Cultura

La infancia desdichada

  • 'EL TESTAMENTO DE UN BROMISTA'. Jules Vallès. Trad. Luis Eduardo Rivera. Periférica. Cáceres, 2016. 96 págs. 12 euros.

Hay toda una literatura dedicada a la infancia. Una literatura cuya exploración comienza, no en el XVIII/XIX de Rousseau y de Dickens, sino al inicio mismo de la modernidad, cuando Lázaro de Tormes abre la infortunada senda de estos pequeños héroes, valerosos y heridos. El testamento de un bromista es un ejemplo más, pero un ejemplo extraordinario, del interés que el arte ha demostrado, desde entonces, por el destino de la infancia.
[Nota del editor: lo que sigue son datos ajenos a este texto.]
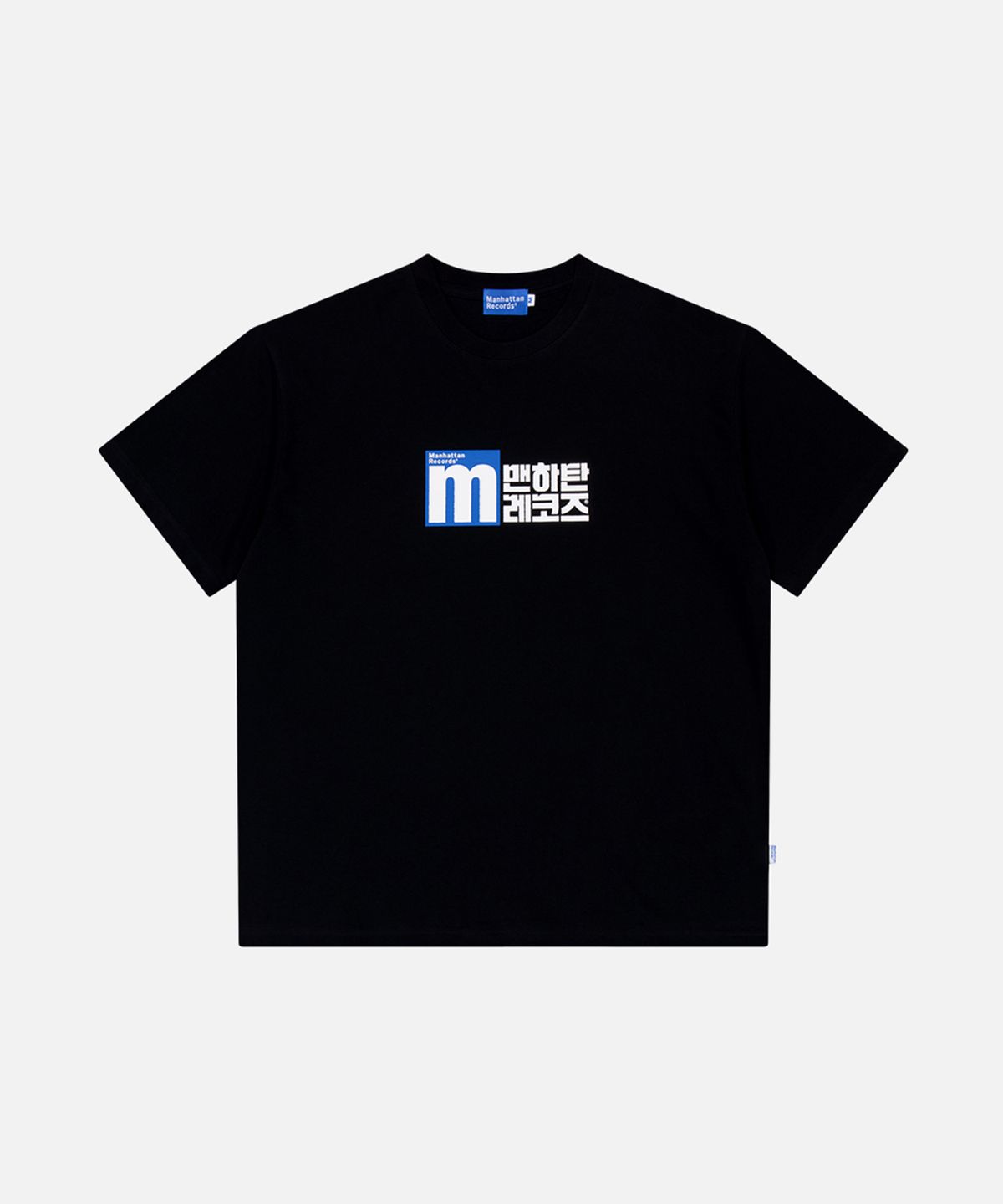 맨하탄레코즈(MANHATTAN RECORDS) MR Hangeul Logo T-shirt - Black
Un interés que se vio acrecentado por la moderna institución de colegios y orfanatos en tiempos de la Ilustración; pero cuyo origen quizá haya que buscar en el retrato de la intimidad burguesa que acometieron, cada uno a su modo, románticos e ilustrados.

Una intimidad mezquina, brutal y ordenancista es la que Vallès acuña en estas breves estampas de la Francia de 1869. No se trata, aun así, del cruel desvalimiento en que se hallaron los personajes de Dickens y Edmondo de Amicis; o de la abrumadora soledad que padecieron, en un Londres húmedo y vertiginoso, los hermanos De Quincey; y tampoco del perverso adoctrinamiento que infligirá Sade a sus víctimas. La desdicha que atañe al joven Vallès es la propia de una familia áspera y sin afectos, pero que sin embargo guarda una apariencia de humanidad y decoro, acorde con su clase. En el interior del hogar, sin embargo, el niño Vallès sólo recabaría una violencia inicua y deliberada y un alimento escaso. Escrito con un duro y conmovedor desapego, El testamento de un bromista es también el relato de una conversión y de una forja: la forja de un muchacho, fortalecido por la brutalidad de sus padres, y la resuelta conversión de un niño a la causa de los desfavorecidos. No en vano, el Vallès adulto sería un destacado agitador social, vinculado a la Comuna. Y es probable que fuera esa vida de privaciones y sobresaltos -la vida del conspirador exiliado y del panfletario- la que precipitara su muerte en febrero de 1885.

En el principio, sin embargo, fue el niño. Y el niño que Vallès recuerda en estas páginas ha sustanciado ya su dolor, ha diluido su cólera, en una adusta y melancólica grandeza.